ハナ証券は5日、韓国株式市場のディレバレッジング(借入投資の縮小)局面が大詰めに入りつつあり、株式市場のボラティリティが次第に緩和すると展望した。ただし、外国人資金が本格流入するまでの間は、指数よりもKOSDAQと個別銘柄中心の「アルファ相場」が続くと見通した。
イ・ギョンス・ハナ証券研究員は「7月は上半期の成績に対するアンワインド(利益確定)とローテーション、過度なレバレッジ累積に伴う半導体のボラティリティが重なり、季節的特性が極端に現れた時期だった」とし「現在はその局面から抜け出す流れが感知される」と明らかにした。
特に韓国株式市場でディレバレッジングが速やかに進行し、今後のボラティリティ緩和の基盤が整ったとの分析である。国内上場企業の信用融資と貸株残高の合計は6月の42兆ウォンから現在は29兆ウォンへ減少した。
同研究員は「最近は減少速度がさらに速まっており、追証に伴う強制売却も大詰めの局面に入ったと判断する」とし「グローバル株式市場のボラティリティを高めていた国内のディレバレッジングは相当部分が解消された」と説明した。
需給環境も改善していると評価した。研究員は「半導体単一銘柄レバレッジ上場投資信託(ETF)よりも、指数型ETFへの資金流入がより大きくなる変化が現れている」とし「需給の凝集力が回復する様子だ」と診断した。続けて「前日、KOSPIでは個人の純買いと指数上昇が同時に現れる組み合わせが久しぶりに確認された」と付け加えた。
政府の不動産税制改編も株式市場に好意的な要因として挙げた。同研究員は「今回の税制改編案は不動産を投資資産としての魅力を下げる水準の強度だ」とし「政府の意図どおり、構造的に資金が不動産から株式市場へ移動する『マネームーブ』を刺激する要因として作用するだろう」と分析した。
ただし、韓国株式市場の趨勢的な反騰は、外国人の買い転換が確認された後に可能になると展望した。研究員は「現在の韓国株式市場の不振は2018年の米中貿易摩擦初期と構造的に類似している」とし「当時も米国株式市場が先に反騰した一方で、韓国株式市場は外国人の売り越しで一段安となり、底値確認のシグナルは結局、外国人の純買い転換だった」と説明した。

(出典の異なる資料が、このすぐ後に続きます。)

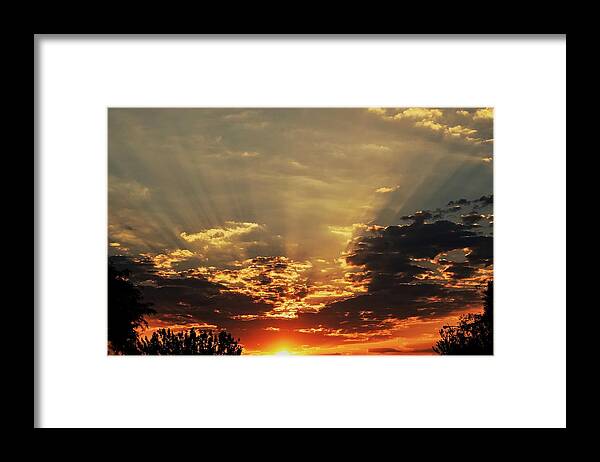 Sunrise Framed Print featuring the photograph Early Morning Adrenaline Rush by John Glass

このため、外国人のリバランス資金が流入するまでの間は、指数よりも個別銘柄中心の戦略が有効だと助言した。研究員は8月の有望銘柄として、利益予想の上方修正と下落率の大きさ、空売り残高などを考慮し、L&F(066970)、ハンファオーシャン(042660)、CJ(001040)、SKハイニックス(000660)、HD現代重工業(329180)、SKC(011790)、ハンファ(000880)、APR(278470)などを提示した。
また今月予定されたMSCIの定期レビューでは、LGイノテック(011070)の新規採用可能性が比較的高く、HLB(028300)、LGディスプレイ(034220)、柳韓洋行(000100)は除外の可能性があると展望した。11月レビューの候補としては、現代オートエバー(307950)、LS(006260)、삼성E&A、Rainbow Robotics(277810)、サムスン証券(016360)などを挙げた。